ACTIVITY
Reproduce each record below in full, word for word, without images.

TASK MATERIAL
--- --- ---

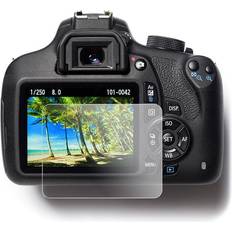 Glass Protection for Canon 5D3/5DS/5DSR/5D4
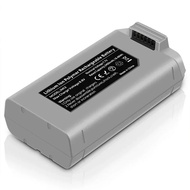 For DJI  2 Inligent Flight   DJI  2 2SE Batteries Accessories 2400mAh Battery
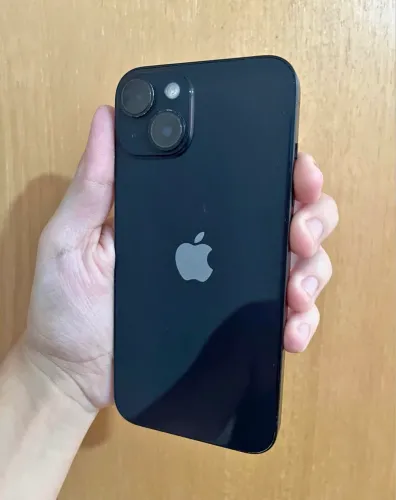 iPhone 14 128gb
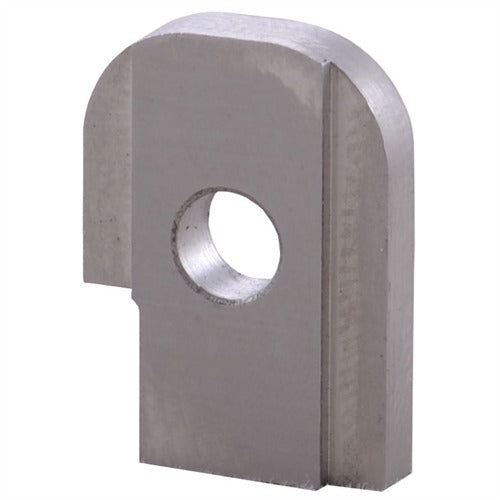 1911 Extended Firing Pin Stop 841370100835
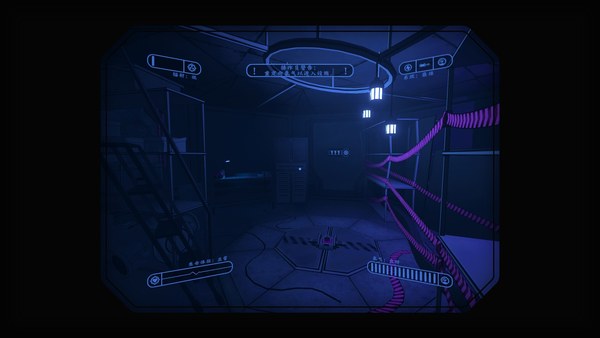 罗马流沙REBuildPC版 截图 2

--- --- ---

RESPONSE BOX
 Glass Protection for Canon 5D3/5DS/5DSR/5D4
 For DJI  2 Inligent Flight   DJI  2 2SE Batteries Accessories 2400mAh Battery
 iPhone 14 128gb
 1911 Extended Firing Pin Stop 841370100835
 罗马流沙REBuildPC版 截图 2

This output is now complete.